Larson also talked about filming the real-life court verdict moment many times over. “There was this energetic feeling of nervousness while waiting for the verdict and then this relief and excitement,” explains Larson. “We had to go through that experience so many times in a day…For me, there just wasn’t one take where I didn’t feel it. Even being in the back of that room – a lot of the time I’m not even seen – you just feel it. That is of the collective, that’s not just me feeling that on my own but of my scene partners. We were all understanding of what it was we were doing and it felt real.”

Like his book, Stevenson’s presence on set was an experience which stayed with cast members. In an earlier interview, Jordan said, “No matter how dismal things seem, he sees the silver lining. He sees the light at the end of the tunnel. He sees a way to get to yes. And that is one of the most important and impressive things about him that I’ve taken with me. I refuse to let that go.” It’s a quote I ask him about today.

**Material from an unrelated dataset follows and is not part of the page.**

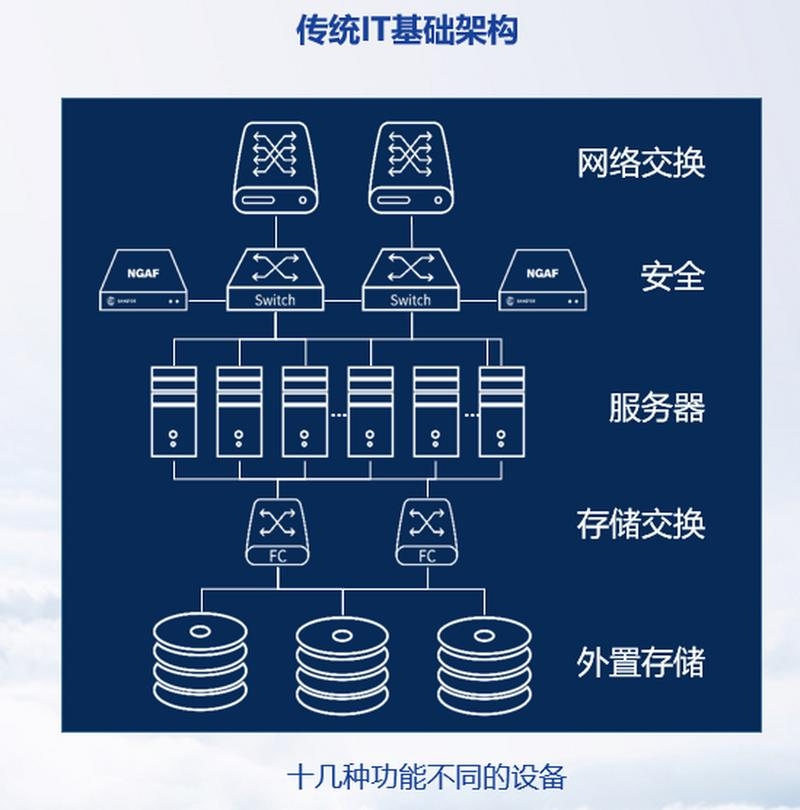 双服务器架构，优势与应用插图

“I think Bryan takes the biggest swings ever,” Jordan says. “He’s constantly fighting. Every day is life or death for somebody. It’s truly inspiring to know that somebody’s out there playing with those stakes every day and refuses to lose. [Stevenson] wants to outwork people, he wants to work hard and know everything he needs to know in order to get this man out of this circumstance. And if I apply that to my life – which is nothing compared to what he’s doing – I feel like I could be in an OK place.”
Kendrick agrees.
“To meet [Bryan Stevenson] is to understand how much grace and kindness and compassion and power can live in the same space. I don’t think you could meet him and not grow a little bit, not stand a little taller and not be impacted just by his energy and his spirit.”
There are still more than 20,000 wrongfully incarcerated people in American prisons. Stevenson continues to work to right these wrongs every day.
Just Mercy Is In Australian cinemas on January 23.